Syriens Präsident Baschar al-Assad hat einen Unterstützer weniger: Der syrische Botschafter in Irak, Nawaf Fares, hat die Seiten gewechselt. »Exklusiv« erklärte der Diplomat dem katarischen Nachrichtensender »Al Dschasira« seinen Austritt aus der regierenden Baath-Partei und das Ende seiner diplomatischen Mission. Er werde sich der »Revolution« anschließen. Fares ist nach General Manaf Tlass, der vergangene Woche überlief, der zweite aus dem oberen Machtsegment, der Assad den Rücken gekehrt hat.

Fares rief »alle würdigen und freien Menschen in Syrien, vor allem die Soldaten«, auf, sich ebenfalls umgehend der Opposition anzuschließen. »Richtet eure Kanonen und Panzer auf die Kriminellen dieses Regimes«, sagte er.

Der Botschafter hatte sein Amt in Bagdad 2008 angetreten. Er hat eine lange Karriere in der Baath-Partei hinter sich und verfügt über enge Kontakte zu staatlichen Sicherheitskreisen. Zugleich ist er Führer eines großen sunnitisch-muslimischen Stammes in Uqaydat in der ostsyrischen Provinz Deir Ezzor entlang der syrisch-irakischen Grenze.
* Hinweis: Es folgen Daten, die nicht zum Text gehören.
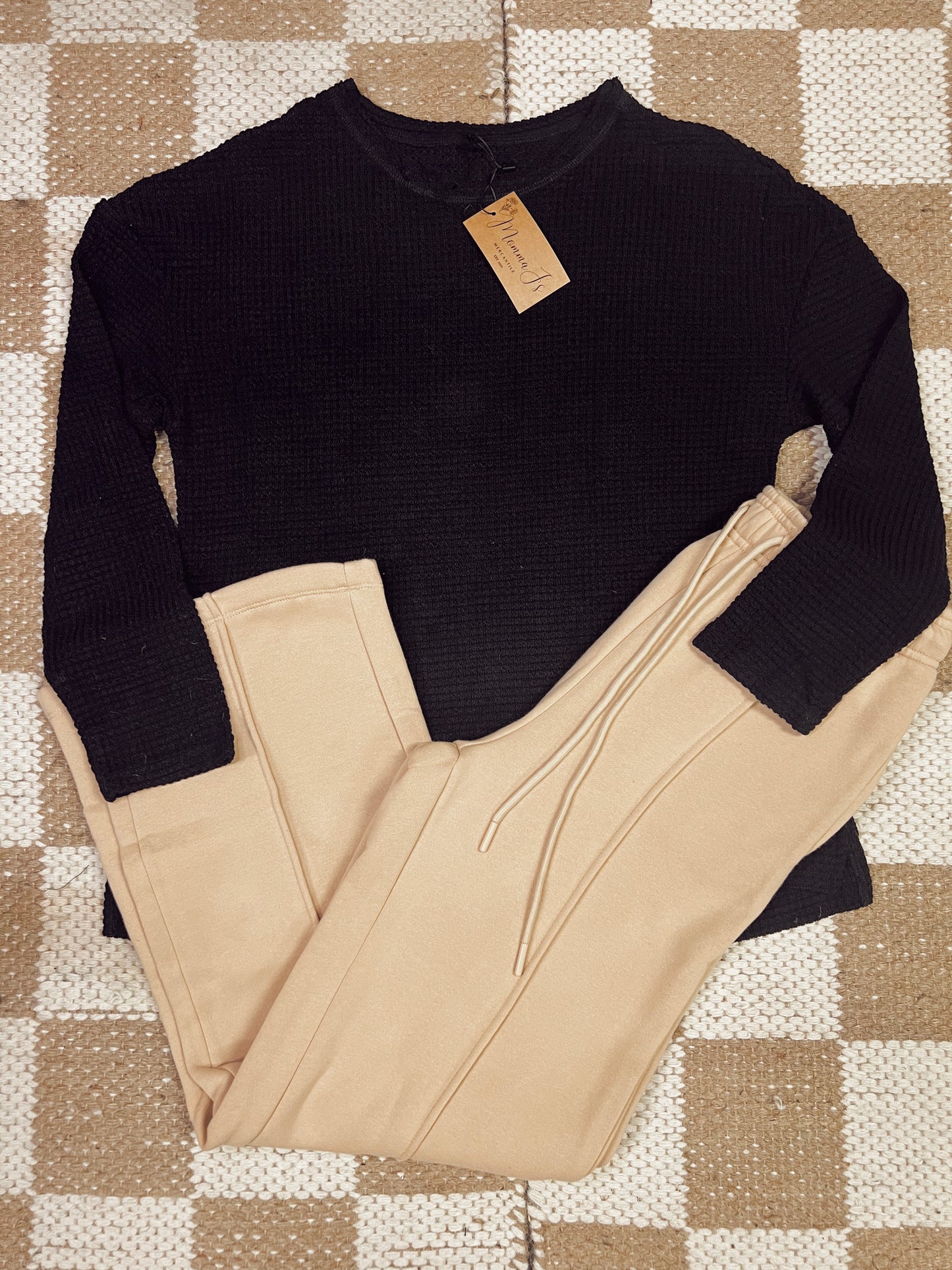 ESSENTIAL WAFFLE KNIT LONG SLEEVE: BLACK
Seit Ende 2011 kamen aus dieser Region Berichte von Waffenschmuggel und vom Eindringen bewaffneter Dschihadisten aus Irak. In den letzten Wochen war die reguläre syrische Armee massiv gegen bewaffnete Gruppen in diesem Gebiet vorgegangen.

Nawaf Fares ist der erste Botschafter, der sich von der Führung in Damaskus öffentlich distanziert hat. Syriens Außenministerium bestätigte den Vorgang. Fares habe eine Presseerklärung abgegeben, die mit seinem Amt und seinen Aufgaben als Botschafter nicht vereinbar sei, daher werde er abberufen. Die Beziehungen zwischen Syrien und Irak seien davon nicht betroffen.

Ob die hochrangigen Überläufer Fares und Tlas tatsächlich bei einem politischen Übergang in Syrien eine Rolle spielen werden, bleibt abzuwarten. US-Außenministerin Hillary Clinton hatte mehrfach öffentlich Militärs und Politiker aufgefordert, sich von der Regierung Assads loszusagen. Ganz ohne Wirkung ist der Appell offensichtlich nicht geblieben.